Here's what I get as total output for my two crawlers:

# pip install boto3

import boto3

glue_client = boto3.client('glue', region_name='us-east-1')

response = glue_client.get_security_configurations()
response = glue_client.get_connections()

s3_client = boto3.client('s3', region_name='us-east-1')

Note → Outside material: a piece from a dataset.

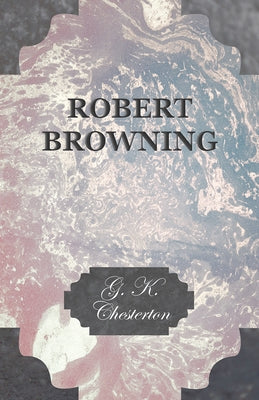 Robert Browning by Chesterton, G. K.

response = s3_client.list_buckets()
response = s3_client.list_buckets()
response = glue_client.get_databases()
response = glue_client.create_crawler(
    Name='s3-crawler',
    Role='arn:aws:iam::<redacted>:role/service-role/AWSGlueServiceRole-Glue',
    DatabaseName='default',
    Classifiers=[],
    Schedule='',
    Configuration='{"Version":1}',
    TablePrefix='',
    SchemaChangePolicy={
        'UpdateBehavior': 'UPDATE_IN_DATABASE'
    },
    Targets={
        'S3Targets': [
            {
                'Path': 's3://andlytle-test/',
                'Exclusions': []
            }
        ],
        'JdbcTargets': [],
        'DynamoDBTargets': []
    }
)
response = glue_client.get_classifiers()
response = glue_client.get_classifiers()
response = glue_client.get_security_configurations()
response = glue_client.get_connections()
response = s3_client.list_buckets()
response = s3_client.list_buckets()
response = glue_client.get_databases()
response = glue_client.get_classifiers()
iann0036 commented 5 years ago

Hey Andrew,

Thanks for clarifying the difference between the S3 and JDBC Crawlers. It helped in tracing what I believe was the issue down to the use of a decodeURIComponent call within the initial data processing. This broke when we had a % symbol in the payload, which is likely in your Include Path for a JDBC connection.

I've released a new version, 0.3.24 which should fix the issue.